There is a longstanding precedent that being provoked into a war doesn't make you the defender. The most obvious recent example is Karma, where NPO is almost universally considered to be the aggressor, despite their rather feeble attempts to justify it based on OV accepting screenshots. That situation is perhaps a little different in that they did not manage to prove that OV had committed 'acts of war' as so considered by most alliances, but no-one outside their immediate circle of friends would consider that anything other than aggressive. (And because OV couldn't be shown to have done anything seriously wrong, unjustified aggression at that, which is why so many alliances joined together to fight them at that moment.)
Another approach to the argument is to point out that 'acts of war' – aid and in-game spying – do not actually put you in a state of war at all. It's therefore non-sensical to claim that such acts immediate put you in a state of defensive war – if you don't choose to start a war over them, there is no war at all, so how can it be defensive. With spying this is particularly true as many spy ops are not even revealed, so they clearly don't start a war because you don't even know who you're supposedly fighting! You can test this by aiding a rogue nation and observing how it doesn't immediately put you at war with the alliance upon which the rogue is going rogue, though you should expect to pay reparations for such an experiment.

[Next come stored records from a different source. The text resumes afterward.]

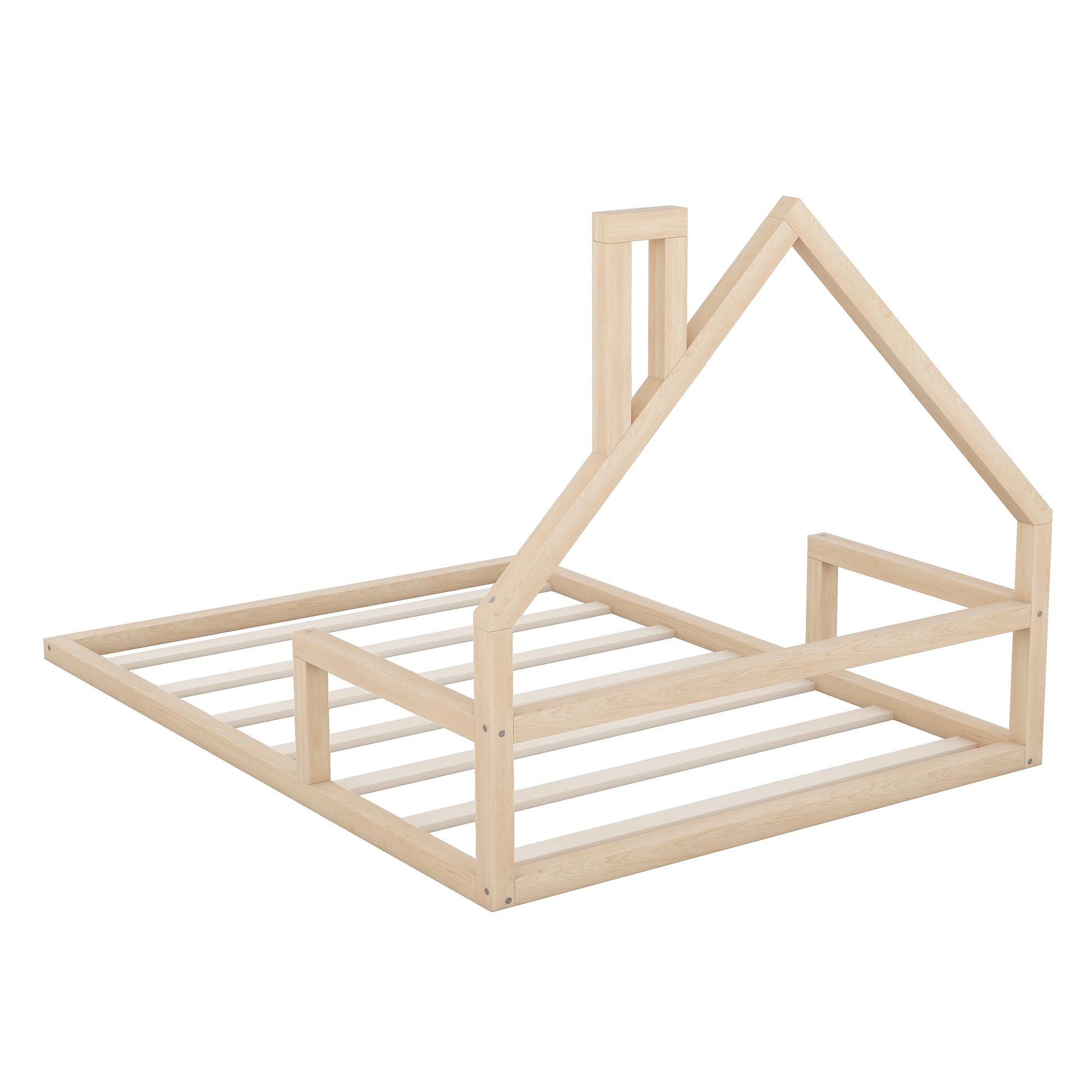 Full Size Wood Floor Bed with House - shaped Headboard - Comfortable Living Decor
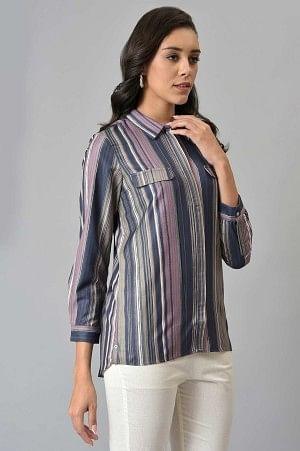 Lilac And Green Stripe Printed Rayon Shirt - wforwoman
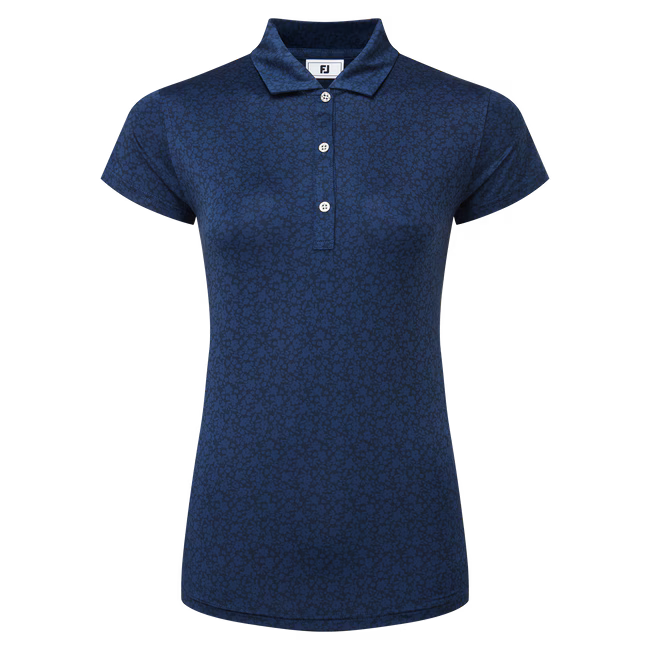 FootJoy Painted Floral Cap Sleeve Lisle Womans Golf Shirt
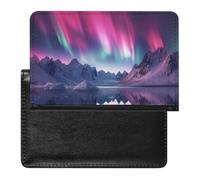 AADFAEWR Passport Holder for Travel Northern Lights Galaxy Pu Leather Passport Cover Case with Card Slot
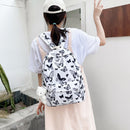 Graffiti Butterfly Print Rucksack Women Preppy Style Large Handbags Bear Pendant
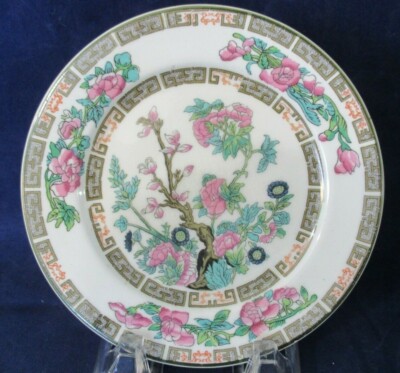 Bread Butter Plt Indian Tree Green Trim Antique John Maddock & Sons Ltd England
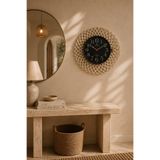 home inn Bohem Hasır Çerçeveli Duvar Saati – Modern Görünümlü Dekoratif Salon Saati – 43 cm Beyaz/Siyah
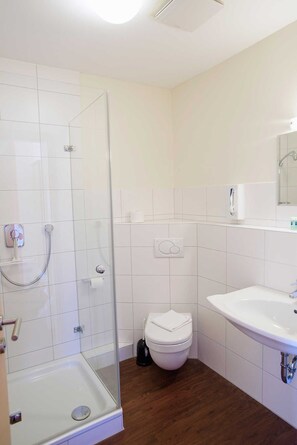 Shower, soap, toilet paper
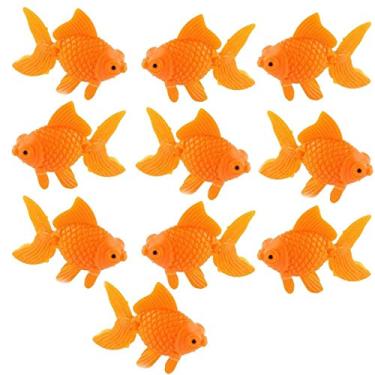 Imagem de Tanque de aquário XMHF aquário tigela de peixe artificial flutuante plástico laranja decoração dourado ornamento de peixe decoração 10 peças
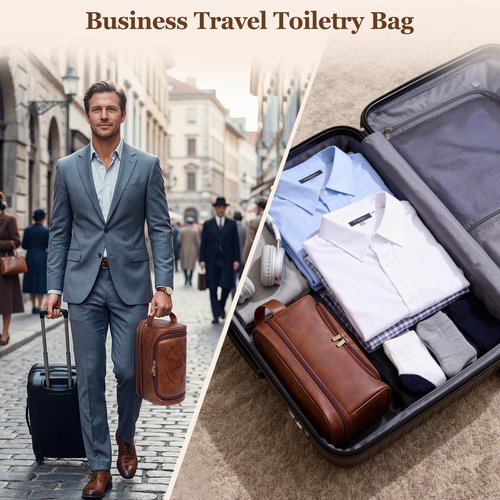 Ecttunafe Toiletry Bag for Men,Personalized Travel Toiletry Bag for Men,Hanging Toiletry Organizer Bag for Men’s Traveling,Water Resistant Toiletries Travel PU Leather Shaving Kit,Gifts for Men (A)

Let's take a look at a document which was well respected for a long time, and which actually defined the concept of 'aggression', the Citadel treaty:
Direct Aggression: Actual or attempted military action or economic sanctions by a party against a second party, except in the following circumstances:1. When the first party is responding to military action or unjustified economic sanctions initiated on them by the second party; or,
2. When the first party is responding due to the activation of a mutual defense clause with a third party where the second party initiated military action or unjustified economic sanctions upon said third party.
3. Actual or attempted acts of espionage.
[OOC: Note that the Lux Aeterna was written before in-game spying. Espionage doesn't mean that.]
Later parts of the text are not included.